* [WHAT TO PRODUCE]
Repeat the records below exactly from the line containing "Fresh Orange Drink Vertical Free Photo" to the line containing "Easy King Cake", taking in both of those lines. Drop the pictures.

* [SOURCE RECORDS]

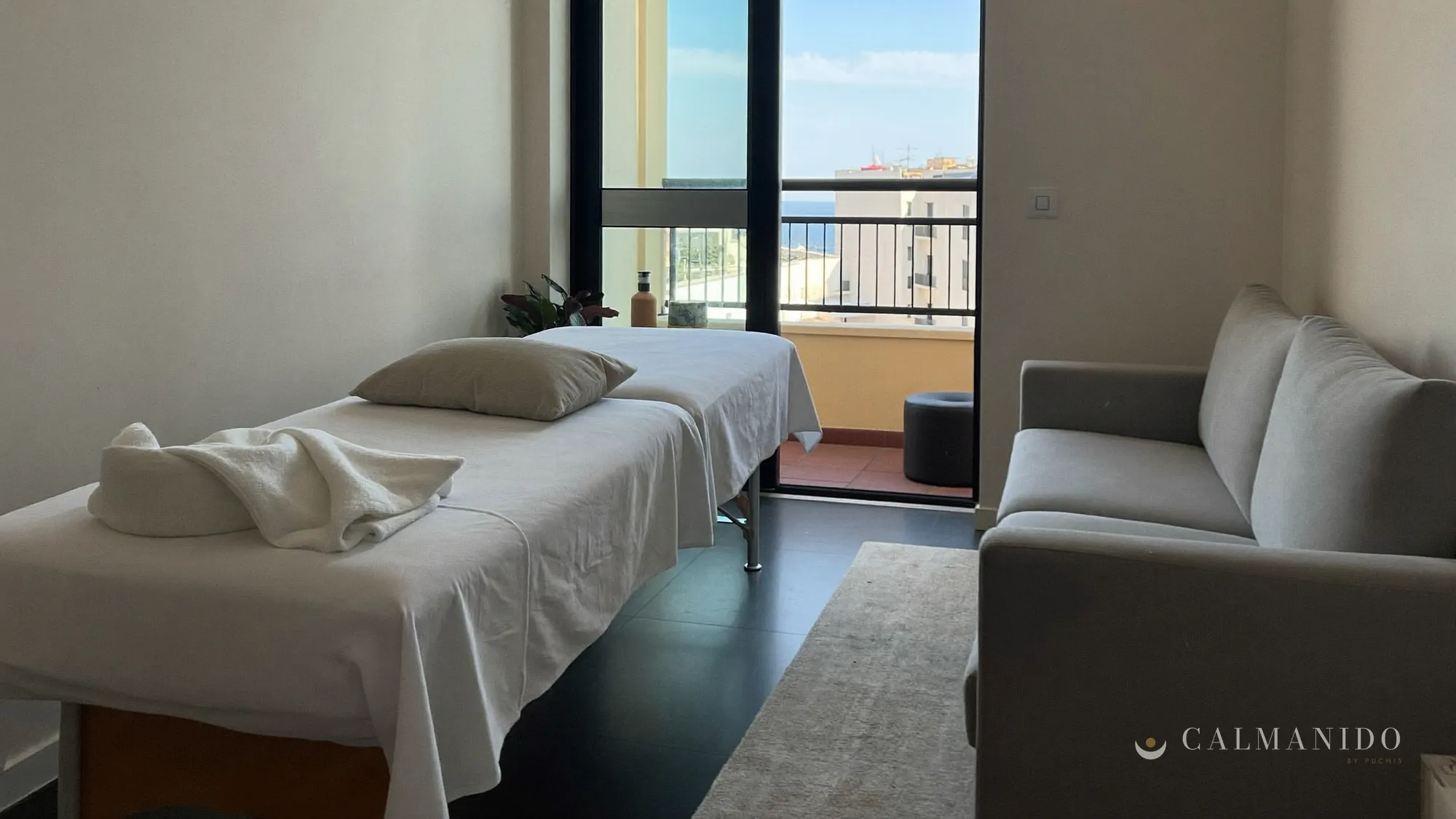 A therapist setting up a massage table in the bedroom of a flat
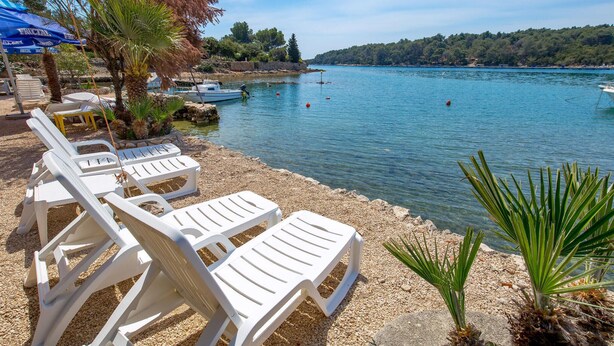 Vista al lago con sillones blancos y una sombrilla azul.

* * *

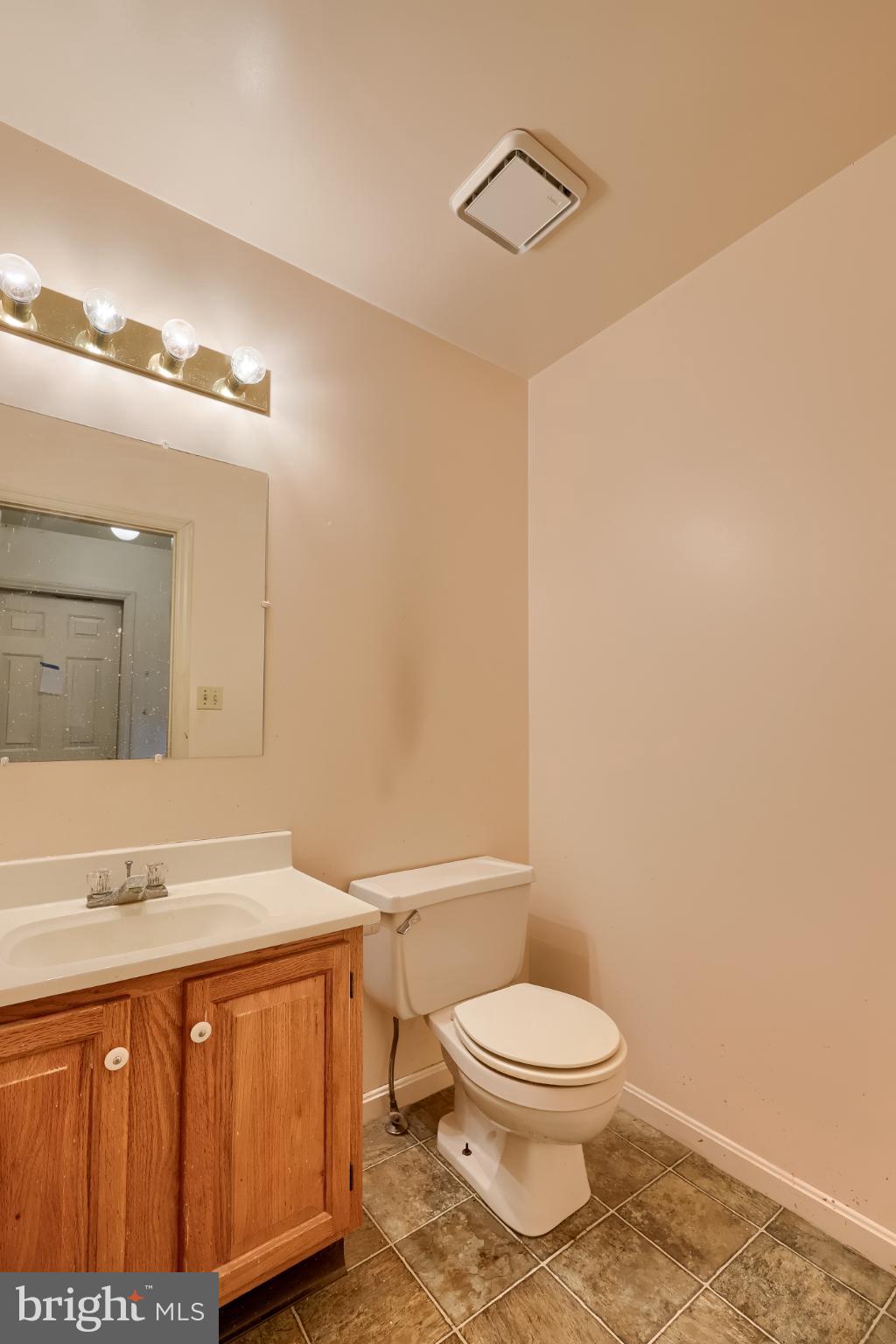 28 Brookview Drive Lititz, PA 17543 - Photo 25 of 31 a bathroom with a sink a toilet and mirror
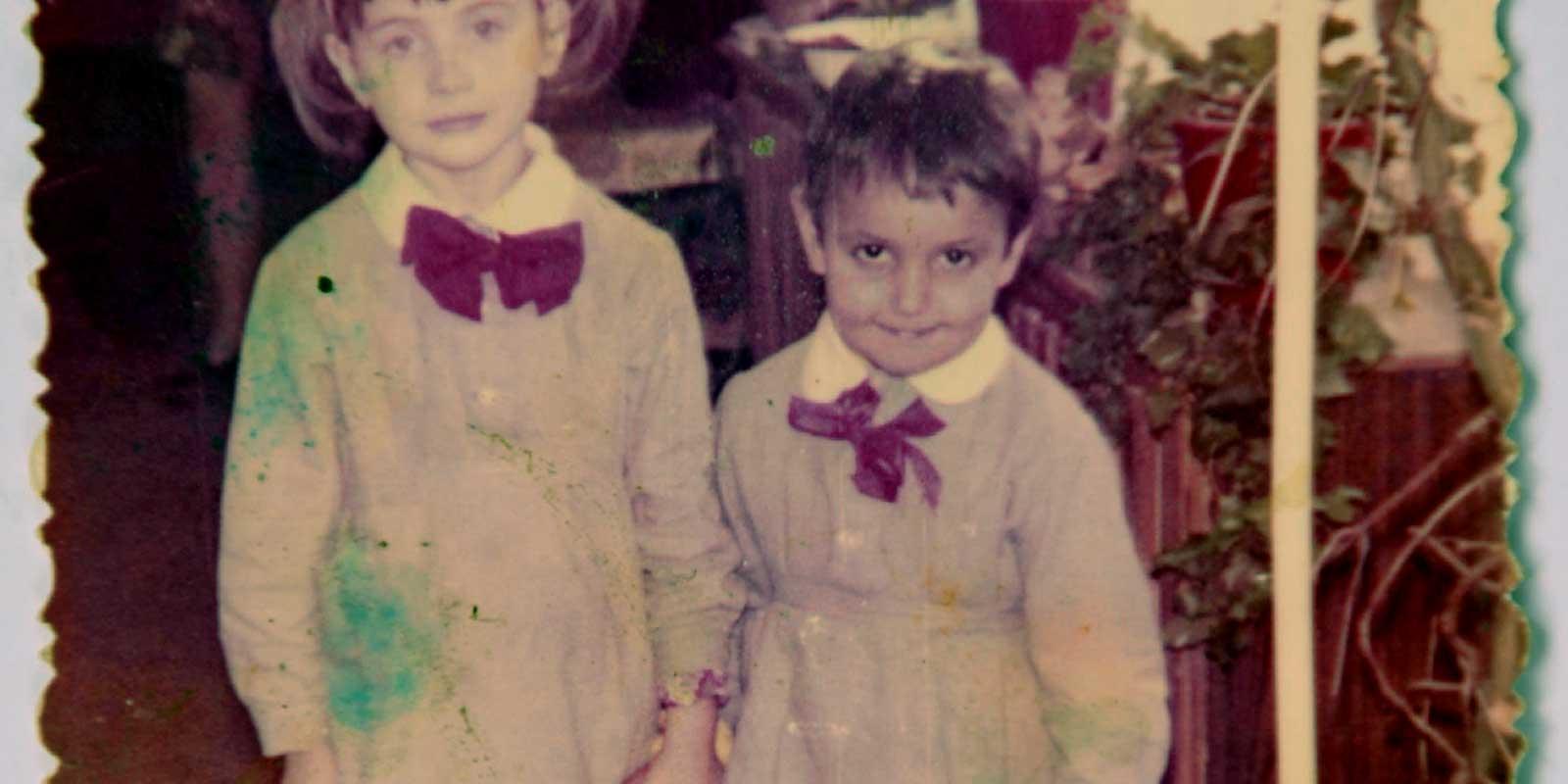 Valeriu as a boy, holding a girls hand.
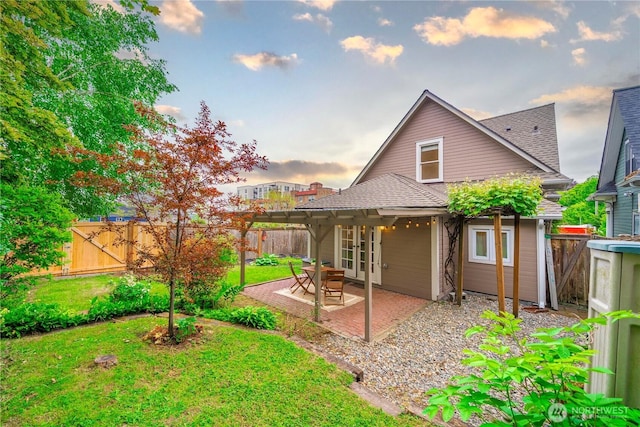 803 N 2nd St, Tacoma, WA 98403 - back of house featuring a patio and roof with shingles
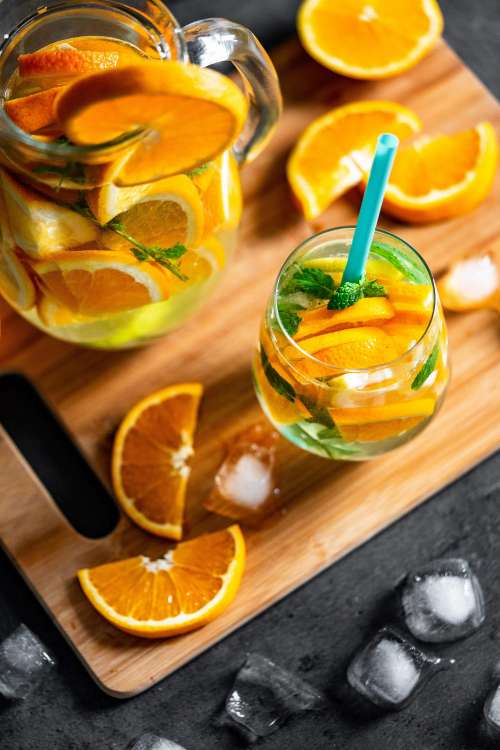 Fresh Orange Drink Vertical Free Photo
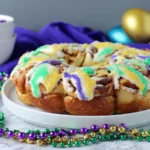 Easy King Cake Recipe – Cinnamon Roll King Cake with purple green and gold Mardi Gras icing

* [SOLUTION]
 Fresh Orange Drink Vertical Free Photo
 Easy King Cake Recipe – Cinnamon Roll King Cake with purple green and gold Mardi Gras icing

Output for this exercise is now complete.